En juin passé, à la suite d'un court entretien (10 minutes) réalisé avec le journaliste N. Grim, consacré aux émeutes dans les mouvements sociaux et publié par le journal El Watan, j'ai été agréablement surpris par les réactions que cette publication a suscitées sur le blog qui lui était dédié.
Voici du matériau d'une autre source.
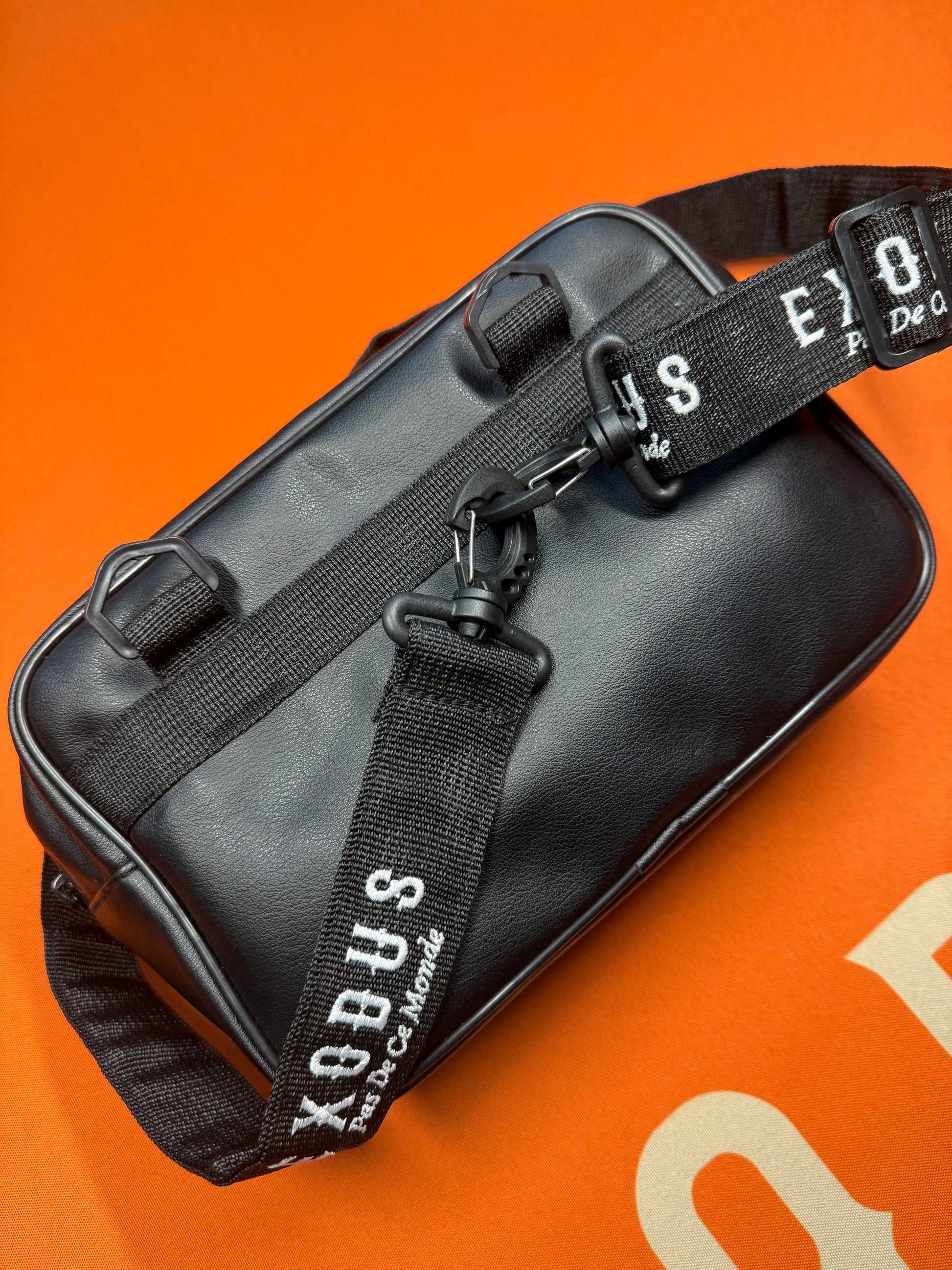 Clothing and accessories from Exodus Pas De Ce Monde – unisex streetwear including t-shirts, jackets, sunglasses, jewelry, bags, and headwear designed for everyday wear and bold urban fashion.
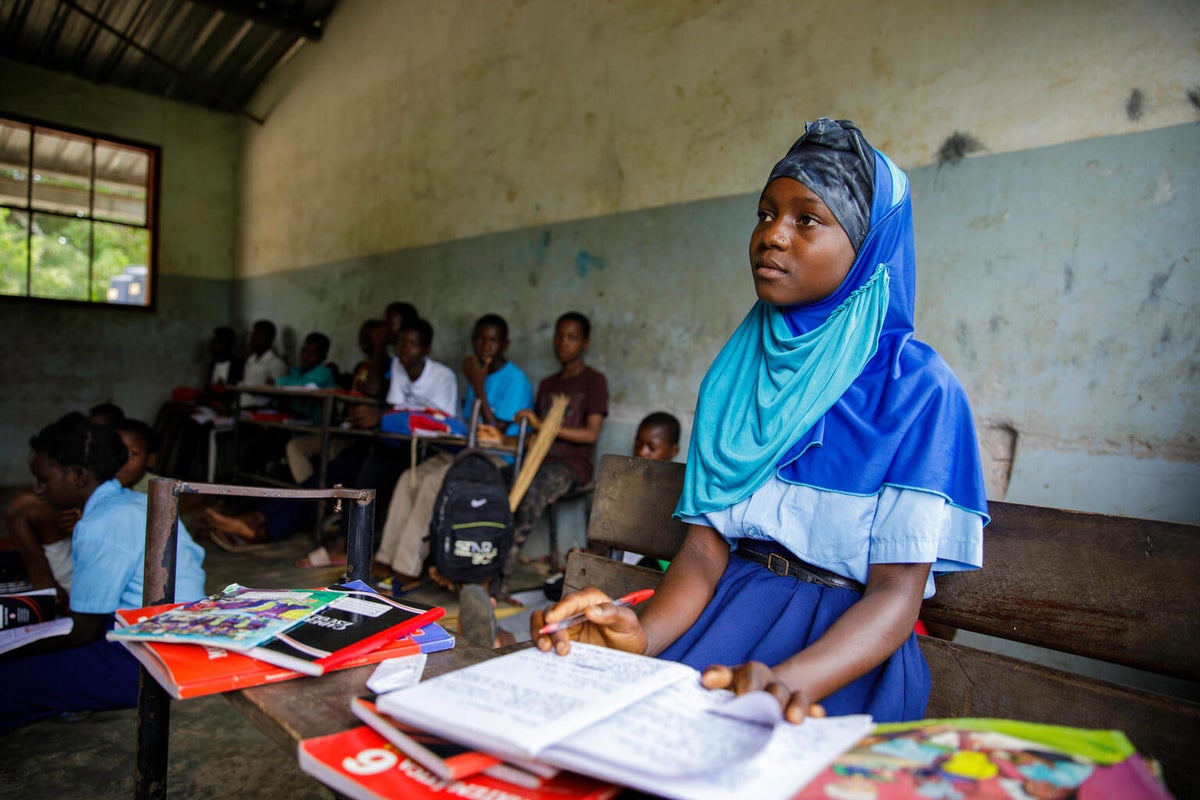 A young girl sits in her classroom.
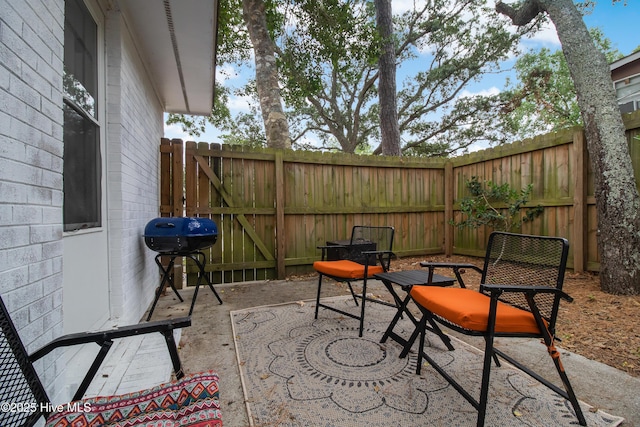 view of patio featuring a grill, a fenced backyard, and a gate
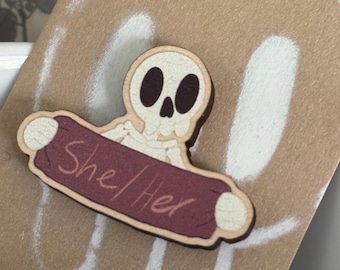She/her pronouns pin badge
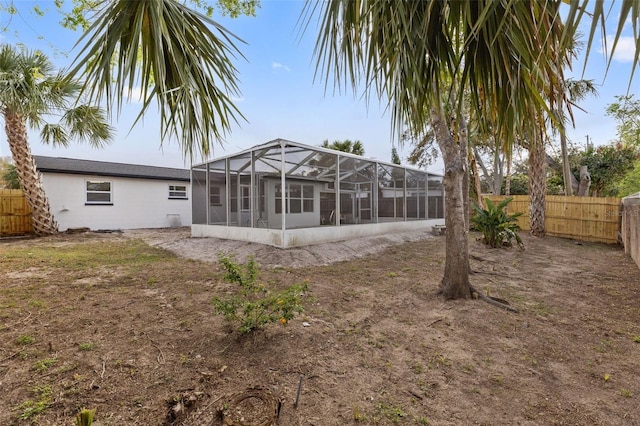 back of house with glass enclosure and a fenced backyard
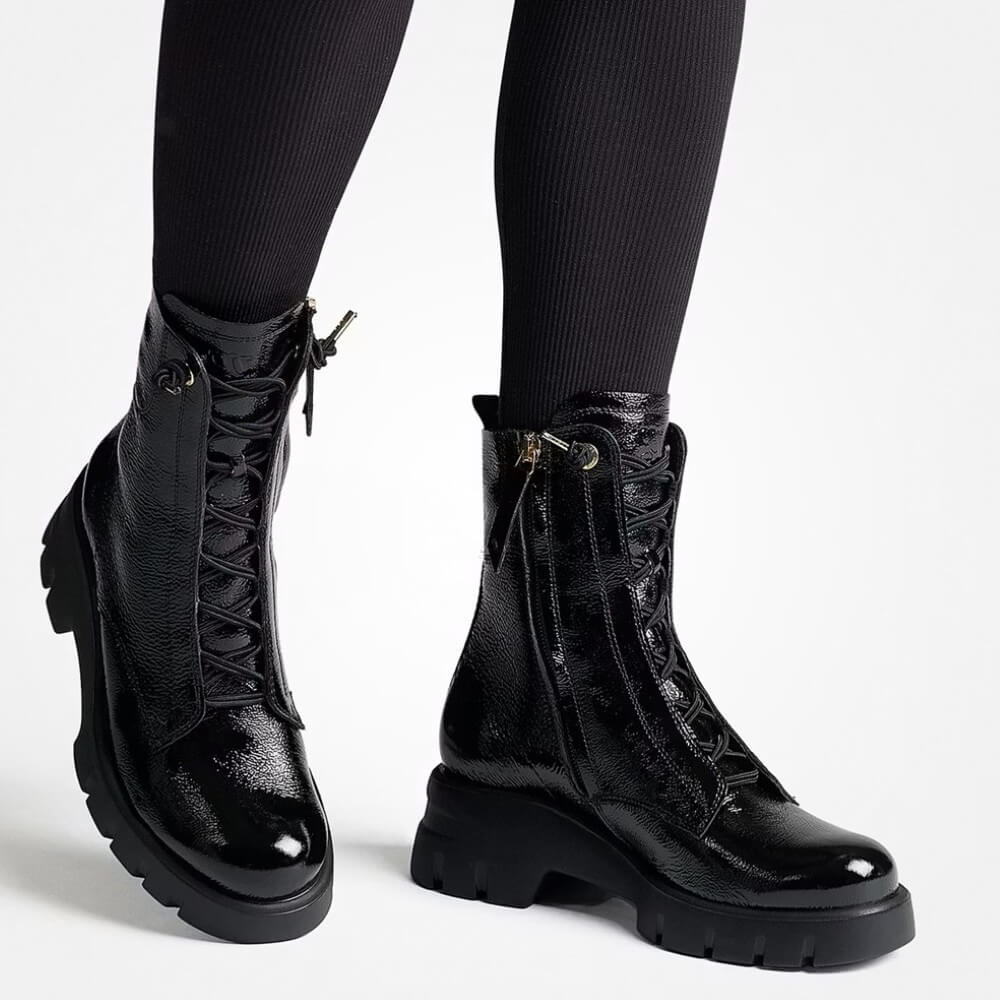 Black patent leather lace-up boots worn with black tights on a white background Paul Green 8216 Lace up Ankle Boot-Black Patent Leather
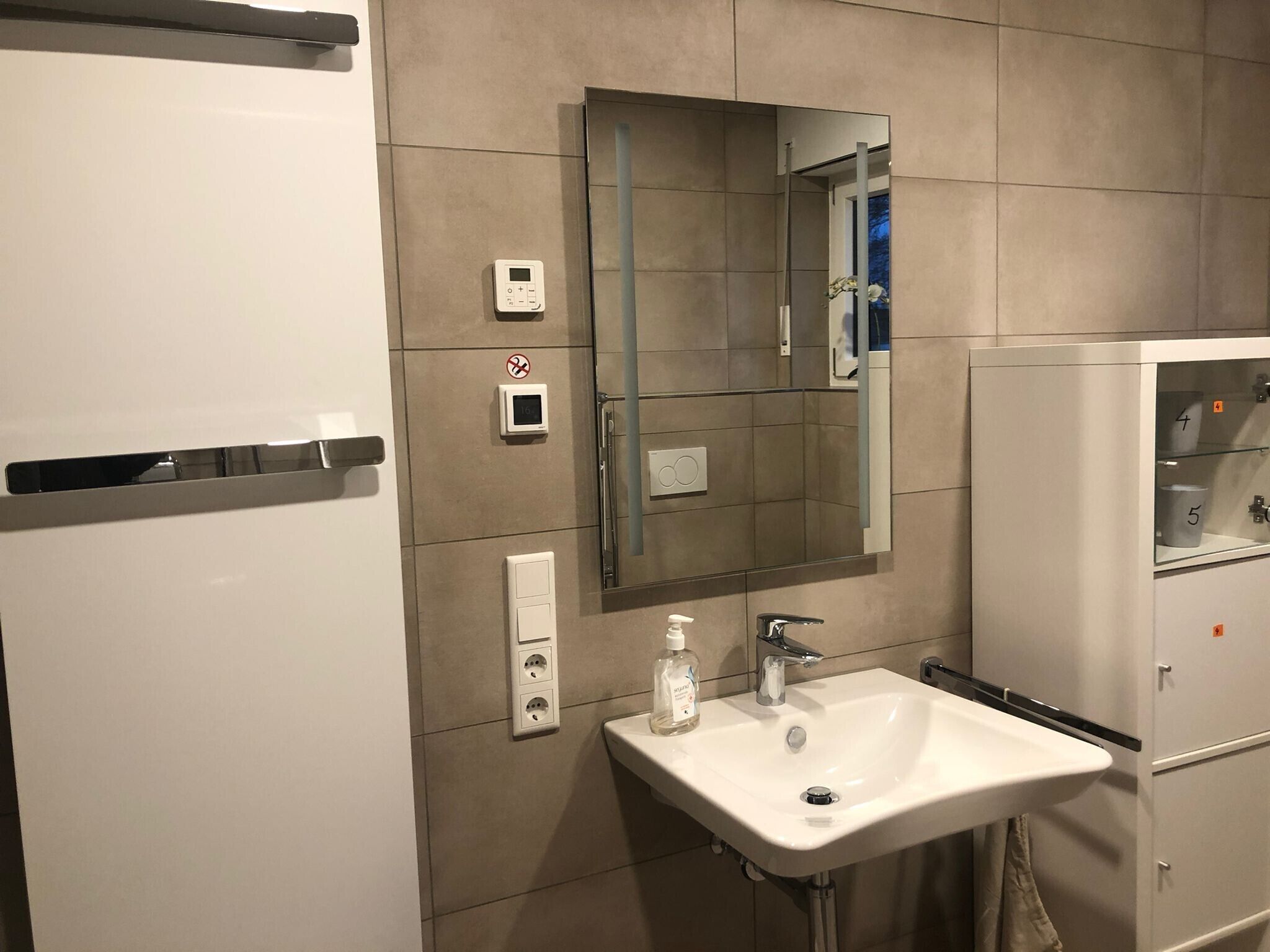 Un baño moderno con lavamanos, espejo y un armario blanco con puerta de vidrio.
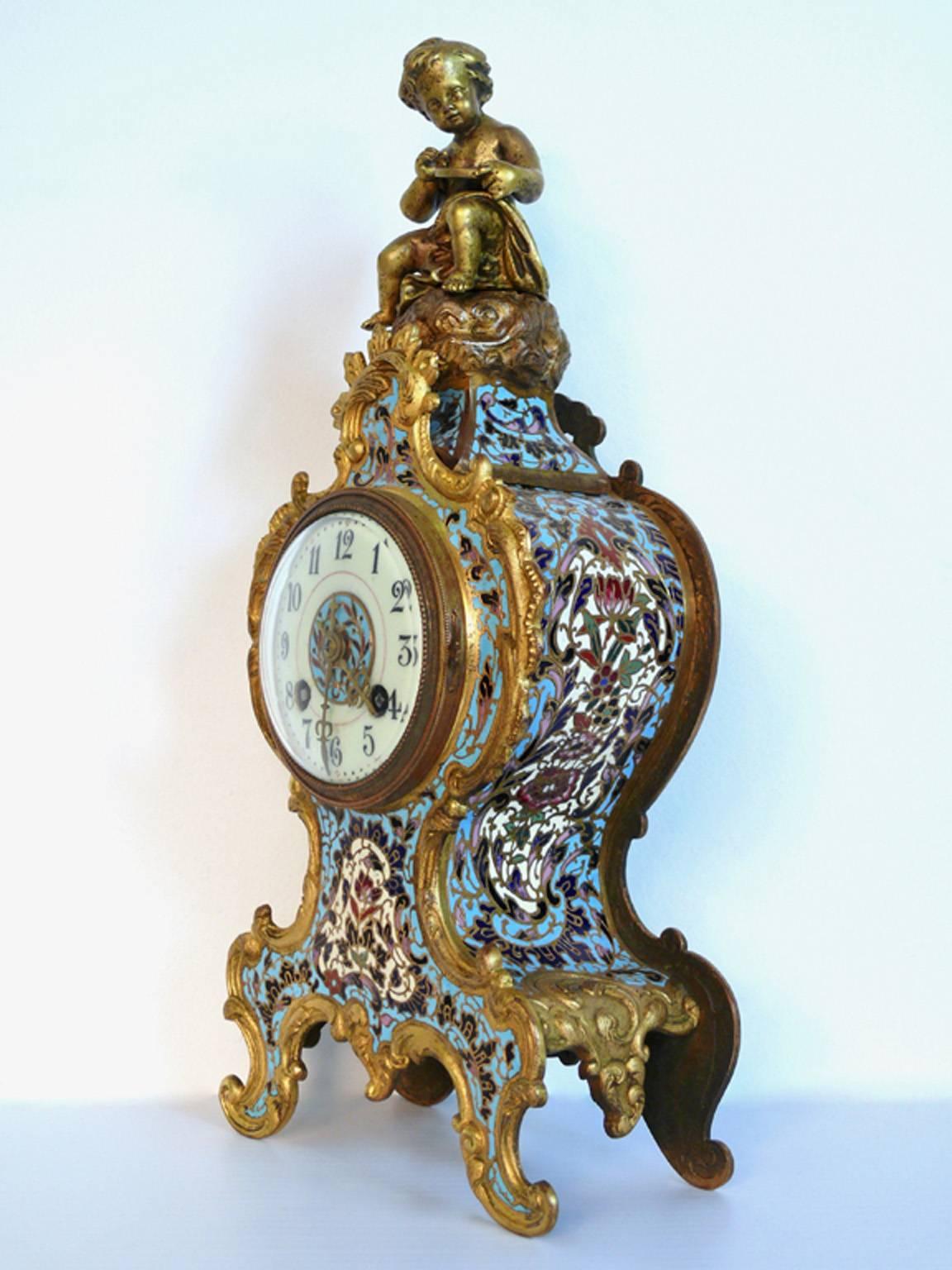 A fine gild gold ormolu and doré bronze French clock with cherub on top. Having the highest quality enamel work much like Russian Faberge in baby blue colors. Rare from with happy floral design. All original clock movement in tact.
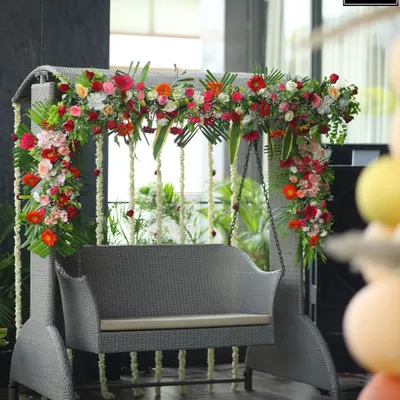 A beautiful floral swing I decorated for a baby shower. The mix of red, pink, and orange flowers with hanging jasmine strings created a perfect, fragrant spot for the mom-to-be.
Mis à part les quelques insultes habituelles et inévitables dans cet espace démocratique qu'est internet, deux groupes d'intervention m'ont particulièrement intéressé et pour lesquels j'ai décidé de réserver cette chronique de septembre.
Le premier est relatif aux interventions qui considèrent que ce problème est clair et évident dans son contenu, simple dans son analyse et par conséquent ne nécessite pas autant de précautions méthodologiques pour être compris par tous. « M. Ali, s'exclame un lecteur, pourquoi n'appelle-t-on pas un chat un chat, pourquoi philosopher alors que l'explication est très facile ? » Le second regroupe des interventions qui ont confondu la rupture du « lien politique » avec celle du « lien social » qui était le centre de mon propos. Mea culpa, j'avoue que je n'avais pas assez insisté sur cette différence sans laquelle évidemment la courte analyse présentée perdait de sa pertinence.
Un chat est un chat
Commençons par la première, celle du chat. Oui, cher lecteur, un chat est un chat, mais après avoir dit cela, on n'a rien dit. Car ce chat peut être le mien, différent de tous les autres ; il peut être blanc ou noir, gros ou maigre, sauvage ou domestique ; on peut aussi le classer et donc le comparer à d'autres mammifères, carnivores ou herbivores, comparer son espèce à d'autres espèces, les chiens entre autres, et découvrir par exemple que le statut symbolique de l'une par rapport à l'autre est différent selon les civilisations ; le chien est « nèjès » chez les musulmans, pas chez les chrétiens, le chien est mangé en Chine, pas le chat qui était adoré par les Egyptiens anciens et dont on dit chez nous qu'il a 7 vies, etc.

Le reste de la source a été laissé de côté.